Вот так же когда-то в детстве я проснулся и увидел папу. Он стоял у окна, чуть отодвинул занавеску и недвижно чего-то ожидал. «Спи, спи, сынок. Ничего. Зато потом будет все спокойно». — «Что спокойно, пап?» — «Спать будешь спокойно». Тогда я ничего не понял, но всю жизнь прошел с ожиданием спокойного сна.
Я не сплю, я проснулся и смотрю теперь прямо перед собой; совсем близко от наших с Викой ног виднеется, скорее ощущается дверь, за которой спит наш сын Виктор. А вот на дверях действительно висит тяжелый занавес. Мы его повесили, надеясь, что эта мощная штора будет скрадывать или хотя бы приглушать шумы нашей жизни. Виктор, мальчик наш, спит очень чутко, и мы боимся разбудить его.
Откуда у маленьких человечков — ему всего одиннадцать — бывает такой чуткий сон? Я в детстве спал так, что и бомбежка не могла меня разбудить. Мама будила: «Вставай, вставай, сынок. Тревога. Бомбят. Опять прилетел. Уходить надо. Да вставай же…» А я еще долго мычал, как все нормальные дети: «Сейчас, сейчас, угу, иду…» — и никак не мог проснуться, не мог расслышать уже начинавшееся уханье зениток и бомб где-то пока еще на окраинах города. Откуда это у Виктора? И Вика спит хорошо — не разбудишь ее простыми, якобы случайными уловками.
Четвертый час. Я что-то слишком разгулялся. Виктору бы такой сон, как у Вики. Ну, вот и разбудил. Громко говорить мы все равно боимся. Да мы стараемся вообще обходиться без слов.
Это не бессонница. Бессоницы у меня, тьфу-тьфу, не сглазить бы, пока нет. Стоит на ночь поесть, как тотчас смаривает. Еда лучше всяких снотворных — никогда не мог понять, почему столь простая истина никак не может овладеть массами страдающих бессонницей.
И опять заснул…
А утром проснулся — смутный свет сквозь занавески уже дает понять, что рассвет наступил, и хотя заоконная серость еще не позволяет хорошо все разглядеть, но занимающийся день, оживающая жизнь уже не сулят никаких иллюзий, а наоборот — разрушают возникшие под утро. Ясность ежедневной обыденности начинает забирать меня в свои руки.
Вокруг меня моя комната, с моими легкими шторками, мои книжки, мои стол и стулья, и рядом моя жена. Впрочем, на этот счет и ночью у меня иных представлений не возникало. Теперь надо найти тропиночку в ту комнату, выйти в свет, в жизнь — и дальше прямая дорога на работу.

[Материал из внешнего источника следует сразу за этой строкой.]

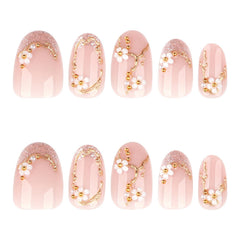 Byeokip close-up of 3D flower and gold French detail, highlights textured floral accents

Вообще-то могу еще немного полежать да подумать. Такой покой, пустое время, пустое думанье и приводят порой к великим решениям. Мои великие решения могут быть лишь на моем уровне — уровне мышления заведующего хирургическим отделением.
В отделении у меня сейчас ремонт. В одной половине лежат больные, другая закрыта — там грязь, шум, пыль ремонтная. На этаже, где операционный блок, тоже половина работает, а вторая отдана под ремонт.
Ох, ремонт! Лучше и не думать об этом…
Стоило мне выйти из комнаты, как Виктор в тот же миг открыл глаза.